Friday, September 26, 2008


Pitter pattering along, they have crawled in mass this summer; from the cockroach in the trunk of my car to the mosquitoes circling around my head to the hundreds of ants setting up camp in the dishwasher to the crazy little guy with the spinning red butt I spotted on the porch to the Eisenhower-dollar-sized spiders descending from the roof of the garage to the carpenter bees drilling holes in the porch to the cockroaches assembling for their nightly neighborhood watch meeting next to the fence to all the other beasts who cannot be named. With several cans of Raid, I have battled them ceaselessly, eviscerating battalion after battalion, but they replicate like Cylons controlling the backyard and creeping through the door cracks and pipes at will. If I were not a hygiene-obsessed Westside Jew, perhaps I could ignore them.

And who or what is this?

Now the weather is cooling and I am able to take a breath as they dissipate and slowly die out. During the fall and winter, the all-season cockroach will still appear in the middle of the night waddling across the floor, barely aware of the hovering figure holding the can of Raid. It is clear that it is not they who do not belong, but I.

Tuesday, September 9, 2008


It’s nothing I ever really noticed when living in L.A., the rude, lunatic, outraged-at-humanity style of driving. But coming back now, I notice. If for a few milliseconds, while spaced out, I put on my left blinker light where there’s a sign that says “No Left Turn from 5 to 7 PM,” the drivers behind me will honk and swear as if I had just goose-stepped across the intersection Sieg Heiling while wearing full Nazi regalia.
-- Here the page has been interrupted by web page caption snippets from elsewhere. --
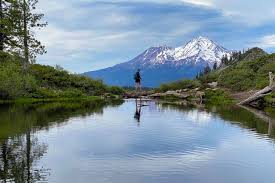 The 11 Best Things to Do in Mount Shasta for a Weekend Trip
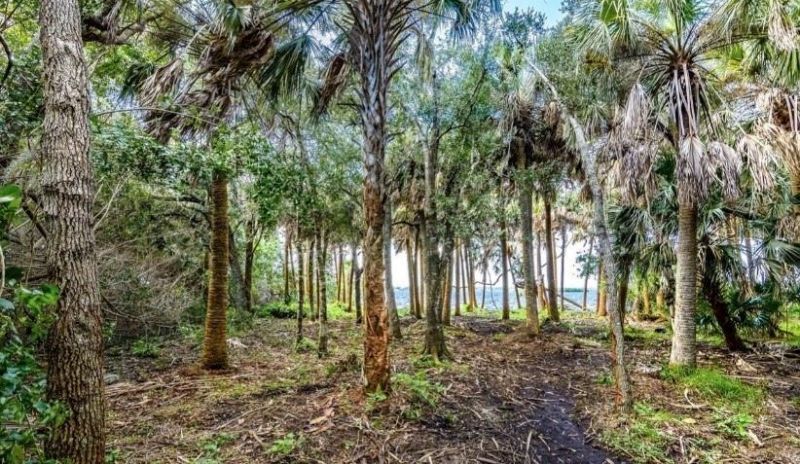 2940 Maritime Lane, Merritt Island, FL 32953 Photo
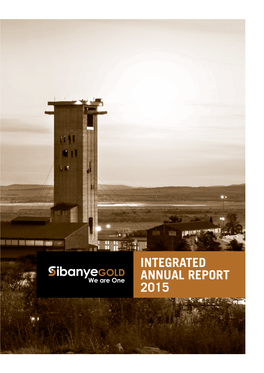 Integrated Annual Report 2015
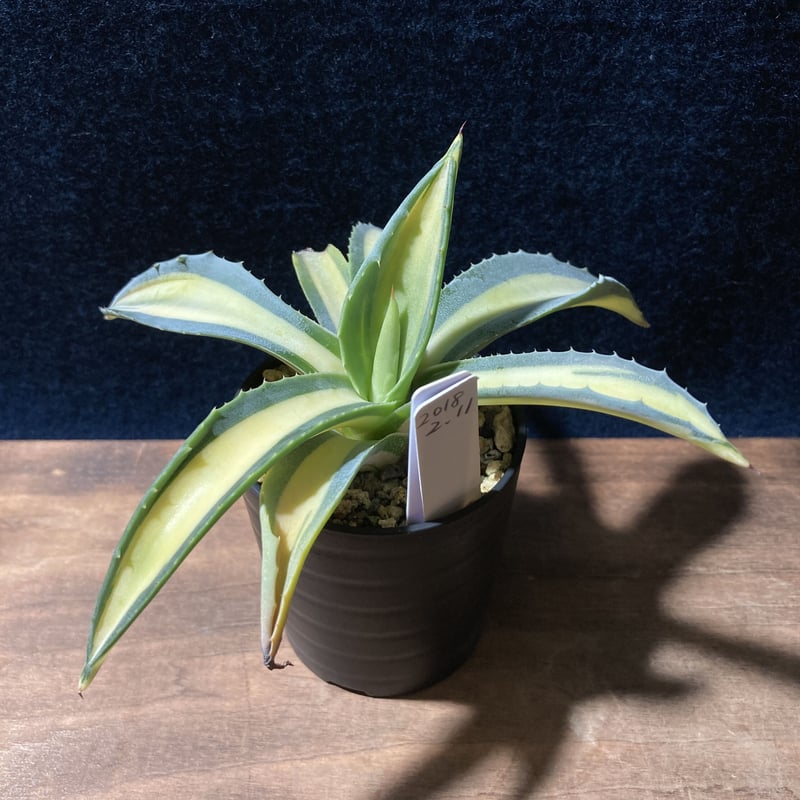 アガベ 琥珀竜 Agave americana f.mediopicta aurea | ra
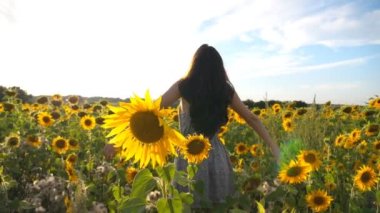 Ayçiçeği tarlasında dikilen ve elini kaldıran ilham verici kız. Özgürlüğün tadını çıkaran kadın ya da güzel doğa. Arka planda parlak güneş ışığı olan manzaralı bir yer. Açık hava eğlence konsepti. Dolly vurdu.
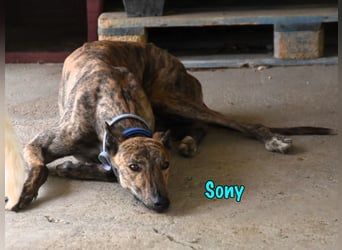 Sony geb. 09/2022 (ESP) - aufgeschlossener und ausgeglichener, wunderschöner Galgo!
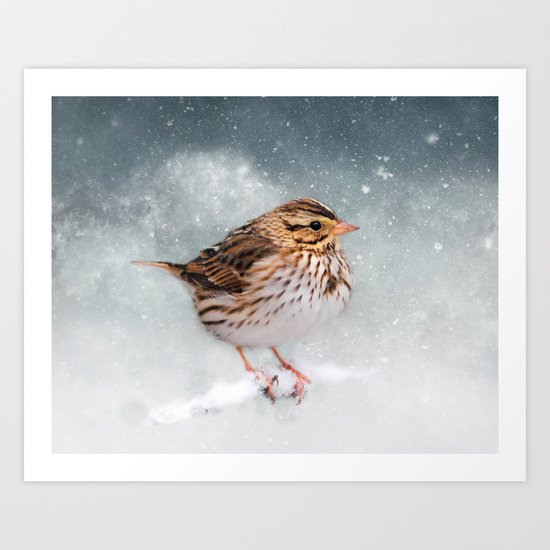 Snow Sparrow Art Print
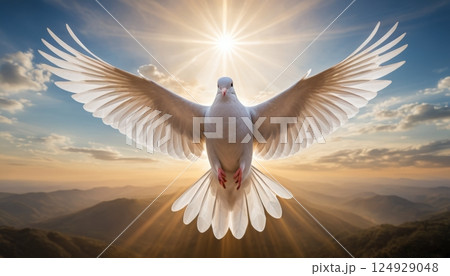 illustration of a white dove flying free with delicate rays of light behind it 124929048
I’ve spent a lot of time driving in Italy and there it’s a more Darwinistic approach of speeding up to an inch of your bumper, sitting on your ass and then passing you on a blind curve. In my experience, drivers in New York and Boston are perhaps more aggressive and crazier than Angelenos.

But not so here in the old South.

There are no problems merging. 95% percent of drivers will let you in, no honking, no threats on your life. In an old fashioned way, like in Japan, people have manners here. The traffic in Atlanta is supposedly the second worst in the country behind Los Angeles (which is really a hundred times worse), but people here are chill. It’s a Southern thing.

“Sir, it would be my great pleasure for you to merge in front of me at your convenience,” other drivers appear to be telling me. “At your leeeisure.”

When there is no traffic, or regardless really, people drive slow in the South. You can drive 55 in the fast lane of the freeway and no one will aim a gun at you from a passing car. Sometimes the Angeleno in me can’t handle the slow driving, when every lane of the freeway in front of me has someone skipping along like they are on a Sunday stroll in the park. But I’m getting used to this more relaxed, less animalistic style of driving.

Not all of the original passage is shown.